_Task objective_.
From the entries below, transcribe exactly the lines between the line holding "1/43 Kyosho Nissan" and the line holding "Map Plastik Zipper Bag", inclusive; skip all other lines.

_Provided material_.
[Start of Attachment]

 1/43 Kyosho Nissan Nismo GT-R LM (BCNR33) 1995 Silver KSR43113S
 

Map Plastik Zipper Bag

[End of Attachment]
[Start of Attachment]

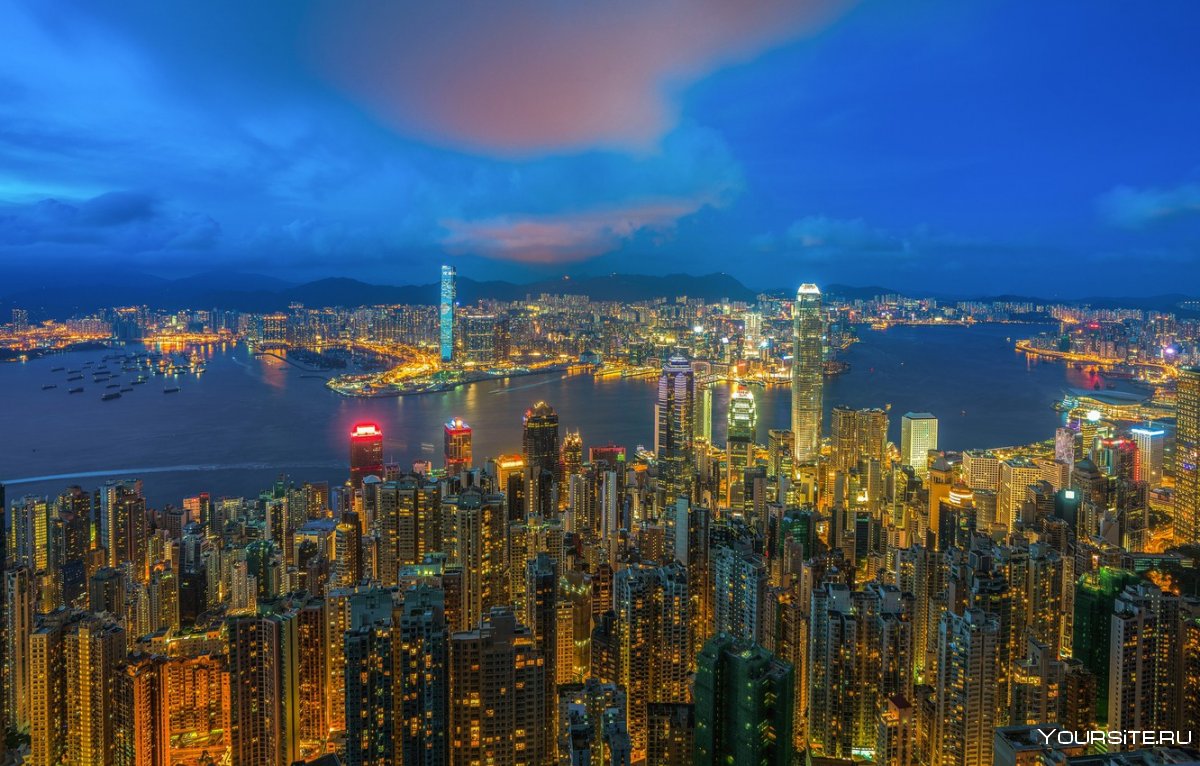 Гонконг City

[End of Attachment]

_Exercise output_.
 1/43 Kyosho Nissan Nismo GT-R LM (BCNR33) 1995 Silver KSR43113S
 

Map Plastik Zipper Bag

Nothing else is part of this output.